How I Made an AI Music Video, Part 2: Video Generation
In this second part of my two-part series, I dive deep into the technical workflow I used to create the animated visuals for "Through the Mystic Green." The biggest challenge with current video generation models is achieving consistency across shots, since each clip is treated as a self-contained video with no knowledge of what came before or after. I initially tried using ChatGPT to create character and style sheets for consistency, but the results were too inconsistent for professional use. Instead, I developed a workflow using Photoshop to composite consistent character poses into different scenes, then used those as starting frames for video generation. I ultimately chose Kling 2.1 over other models because its 10-second generation length gave me enough usable footage after cutting the initial seconds needed for consistency.
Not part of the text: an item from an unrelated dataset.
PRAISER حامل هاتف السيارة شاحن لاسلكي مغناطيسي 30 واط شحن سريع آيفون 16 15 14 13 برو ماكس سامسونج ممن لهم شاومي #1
What made this project particularly interesting was embracing what I call "happy accidents" – a Bob Ross-inspired approach where I let the AI guide the creative process rather than forcing predetermined outcomes. Current video models don't follow prompts perfectly, so instead of fighting against their limitations, I worked with them collaboratively. The AI would sometimes create unexpected but compelling results that actually enhanced the story, like when I simply prompted "the girl is becoming confident" and Kling responded by opening up her hair in a beautiful visual metaphor. This approach required about 400 iterations using the cost-effective Kling 2.1 fast model, and while it meant abandoning a rigid story structure, it resulted in a music video that effectively demonstrates both the capabilities and current limitations of AI video generation.